Id. The application note does not include an example which mirrors the sentence that defendant received. Clearly, the list of examples is meant to be illustrative rather than exclusive.
In defendant's case, the orders placing him into the secretary's custody lacked a maximum sentence. Under Kansas law, however, a juvenile committed to the custody of the secretary must be released upon reaching twenty-one years of age. Kan.Stat.Ann. Sec. 38-1675 (1993). The maximum sentence was thus for a term not to exceed defendant's twenty-first birthday.
Defendant's reliance on the application note's admonition against using the length of time actually served is misplaced. The Guidelines contemplate offenses for which a defendant is sentenced to more time than is actually served. Although the actual time served should not be considered the "sentence to confinement," the time served is evidence of the maximum sentence of imprisonment in cases of indeterminate sentencing. Here, defendant actually served more than sixty days. Thus, the maximum time defendant could have been confined exceeded sixty days. Cf. Fuentes, 991 F.2d at 702. Consequently, the district court properly adopted the presentence investigation report's finding that defendant received a "sentence to confinement of at least sixty days."

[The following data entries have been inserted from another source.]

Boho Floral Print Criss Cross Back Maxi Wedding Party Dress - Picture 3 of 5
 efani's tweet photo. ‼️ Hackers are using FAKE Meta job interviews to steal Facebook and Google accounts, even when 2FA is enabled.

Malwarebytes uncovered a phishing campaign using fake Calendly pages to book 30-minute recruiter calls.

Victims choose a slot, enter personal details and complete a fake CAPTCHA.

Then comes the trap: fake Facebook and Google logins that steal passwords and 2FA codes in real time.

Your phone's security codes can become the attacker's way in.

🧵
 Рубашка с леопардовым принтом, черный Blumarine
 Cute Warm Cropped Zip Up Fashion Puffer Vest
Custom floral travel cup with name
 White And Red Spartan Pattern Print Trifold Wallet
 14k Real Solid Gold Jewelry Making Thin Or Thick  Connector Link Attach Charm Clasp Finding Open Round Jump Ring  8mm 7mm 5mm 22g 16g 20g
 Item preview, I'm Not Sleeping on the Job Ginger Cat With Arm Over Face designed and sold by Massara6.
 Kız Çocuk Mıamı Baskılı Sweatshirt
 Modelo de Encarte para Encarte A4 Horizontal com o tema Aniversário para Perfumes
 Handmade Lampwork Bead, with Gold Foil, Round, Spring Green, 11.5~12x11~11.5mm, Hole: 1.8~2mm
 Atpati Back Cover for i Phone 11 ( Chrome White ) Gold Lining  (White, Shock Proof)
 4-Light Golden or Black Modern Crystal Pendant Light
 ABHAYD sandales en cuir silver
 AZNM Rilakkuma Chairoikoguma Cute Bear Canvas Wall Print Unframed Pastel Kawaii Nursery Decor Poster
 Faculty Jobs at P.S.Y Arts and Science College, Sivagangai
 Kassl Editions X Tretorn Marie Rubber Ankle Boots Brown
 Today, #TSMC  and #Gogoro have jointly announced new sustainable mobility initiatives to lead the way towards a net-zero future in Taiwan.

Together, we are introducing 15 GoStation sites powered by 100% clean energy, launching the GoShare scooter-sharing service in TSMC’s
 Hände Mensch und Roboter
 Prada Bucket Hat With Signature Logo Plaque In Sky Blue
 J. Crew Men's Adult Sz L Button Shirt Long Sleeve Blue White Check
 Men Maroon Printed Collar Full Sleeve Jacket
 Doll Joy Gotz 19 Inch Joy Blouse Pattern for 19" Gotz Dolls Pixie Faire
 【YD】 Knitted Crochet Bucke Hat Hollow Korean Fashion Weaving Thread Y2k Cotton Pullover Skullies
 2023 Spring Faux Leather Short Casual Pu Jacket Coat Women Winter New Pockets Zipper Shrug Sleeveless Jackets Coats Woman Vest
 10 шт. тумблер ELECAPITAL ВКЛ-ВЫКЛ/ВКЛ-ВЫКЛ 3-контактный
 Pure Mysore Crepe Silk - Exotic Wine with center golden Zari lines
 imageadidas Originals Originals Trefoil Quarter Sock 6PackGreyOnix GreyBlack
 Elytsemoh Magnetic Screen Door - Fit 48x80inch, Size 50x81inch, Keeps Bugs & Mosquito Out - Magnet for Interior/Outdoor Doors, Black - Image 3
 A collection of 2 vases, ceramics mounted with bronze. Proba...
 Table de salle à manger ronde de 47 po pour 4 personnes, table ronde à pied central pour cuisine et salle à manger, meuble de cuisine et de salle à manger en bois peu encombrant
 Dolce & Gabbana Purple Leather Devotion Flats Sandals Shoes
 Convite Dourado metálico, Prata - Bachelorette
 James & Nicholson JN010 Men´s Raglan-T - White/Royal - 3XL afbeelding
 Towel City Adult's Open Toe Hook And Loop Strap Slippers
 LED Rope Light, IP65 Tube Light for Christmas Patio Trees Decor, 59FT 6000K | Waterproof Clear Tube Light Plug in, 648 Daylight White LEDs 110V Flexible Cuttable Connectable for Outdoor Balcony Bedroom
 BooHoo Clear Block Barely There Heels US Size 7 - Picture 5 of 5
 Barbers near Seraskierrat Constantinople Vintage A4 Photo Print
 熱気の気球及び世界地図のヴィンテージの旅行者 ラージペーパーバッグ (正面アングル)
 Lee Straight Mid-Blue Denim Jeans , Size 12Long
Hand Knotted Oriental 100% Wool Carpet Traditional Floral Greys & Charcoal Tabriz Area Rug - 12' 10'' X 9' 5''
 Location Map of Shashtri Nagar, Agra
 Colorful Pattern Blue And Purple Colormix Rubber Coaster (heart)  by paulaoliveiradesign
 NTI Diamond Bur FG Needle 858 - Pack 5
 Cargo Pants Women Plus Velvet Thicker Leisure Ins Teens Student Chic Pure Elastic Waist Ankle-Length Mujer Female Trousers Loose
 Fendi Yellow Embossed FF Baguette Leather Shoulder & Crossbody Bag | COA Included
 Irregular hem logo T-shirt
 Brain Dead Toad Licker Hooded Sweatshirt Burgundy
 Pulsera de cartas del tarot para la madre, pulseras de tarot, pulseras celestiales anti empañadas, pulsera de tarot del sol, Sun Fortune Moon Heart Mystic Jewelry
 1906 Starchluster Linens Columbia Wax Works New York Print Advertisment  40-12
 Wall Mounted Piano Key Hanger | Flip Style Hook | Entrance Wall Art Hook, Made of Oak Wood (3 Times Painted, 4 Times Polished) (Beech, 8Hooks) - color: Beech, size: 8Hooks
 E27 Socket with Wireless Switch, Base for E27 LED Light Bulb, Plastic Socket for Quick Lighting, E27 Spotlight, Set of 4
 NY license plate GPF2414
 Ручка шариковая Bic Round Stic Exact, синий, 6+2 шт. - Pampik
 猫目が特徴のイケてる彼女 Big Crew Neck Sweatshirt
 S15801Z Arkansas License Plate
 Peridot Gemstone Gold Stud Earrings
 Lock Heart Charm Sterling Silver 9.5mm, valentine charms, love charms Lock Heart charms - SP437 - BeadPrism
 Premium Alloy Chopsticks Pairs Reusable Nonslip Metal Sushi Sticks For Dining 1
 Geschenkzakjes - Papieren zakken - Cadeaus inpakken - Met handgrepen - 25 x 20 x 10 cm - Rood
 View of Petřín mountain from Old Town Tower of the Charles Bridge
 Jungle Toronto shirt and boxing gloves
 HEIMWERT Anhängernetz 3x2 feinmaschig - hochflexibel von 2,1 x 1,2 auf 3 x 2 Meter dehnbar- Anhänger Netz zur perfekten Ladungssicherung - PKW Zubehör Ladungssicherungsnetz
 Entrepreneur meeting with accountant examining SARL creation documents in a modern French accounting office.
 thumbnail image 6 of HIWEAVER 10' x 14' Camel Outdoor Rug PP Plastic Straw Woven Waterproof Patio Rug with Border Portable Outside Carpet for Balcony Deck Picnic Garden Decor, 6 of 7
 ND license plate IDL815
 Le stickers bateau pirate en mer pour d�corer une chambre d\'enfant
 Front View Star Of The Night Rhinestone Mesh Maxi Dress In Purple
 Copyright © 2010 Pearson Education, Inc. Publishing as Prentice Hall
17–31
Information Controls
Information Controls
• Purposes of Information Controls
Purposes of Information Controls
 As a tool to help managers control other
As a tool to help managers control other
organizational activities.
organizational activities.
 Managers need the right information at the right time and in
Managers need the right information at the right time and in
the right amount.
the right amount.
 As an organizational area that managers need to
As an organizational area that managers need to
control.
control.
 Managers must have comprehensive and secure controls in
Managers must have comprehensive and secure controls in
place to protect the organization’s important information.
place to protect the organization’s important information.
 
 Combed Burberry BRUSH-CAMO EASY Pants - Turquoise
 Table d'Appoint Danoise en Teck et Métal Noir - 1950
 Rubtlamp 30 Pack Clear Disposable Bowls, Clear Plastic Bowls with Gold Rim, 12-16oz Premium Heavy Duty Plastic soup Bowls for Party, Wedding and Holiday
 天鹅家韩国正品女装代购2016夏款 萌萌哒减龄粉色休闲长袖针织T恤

For these reasons, the judgment of the district court is AFFIRMED.
Defendant identified this individual as "Mike Bradford." Apparently neither police investigators nor defendant have been able to locate Mr. Bradford
Cf. United States v. Gaskell, 985 F.2d 1056, 1061 (11th Cir. 1993) (probative value of demonstration in which adult male witness repeatedly shook a representation of an infant was substantially outweighed by unfair prejudicial effect to defendant on trial for involuntary manslaughter of his infant daughter)
Defendant also argues that the effect of the improper admission of the rule 404(b) evidence was cumulatively prejudicial to defendant when added to the prejudicial effect of the admission of the courtroom demonstration. Because the courtroom demonstration was properly admitted, there could be no cumulative prejudice in this case
The applicable provision of the Guidelines reads:
(d) Offenses Committed Prior to Age Eighteen
(1) If the defendant was convicted as an adult and received a sentence of imprisonment exceeding one year and one month, add 3 points under Sec. 4A1.1(a) for each such sentence.
(2) In any other case,
(A) add 2 points under Sec. 4A1.1(b) for each adult or juvenile sentence to confinement of at least sixty days if the defendant was released from such confinement within five years of his commencement of the instant offense;
(B) add 1 point under Sec. 4 A. 1.1(c) for each adult or juvenile sentence imposed within five years of the defendant's commencement of the instant offense not covered in (A).
U.S.S.G. Sec. 4A1.2(d). Defendant contends that his previous juvenile offenses fall under subsection (2) (B) instead of (2) (A) of this provision.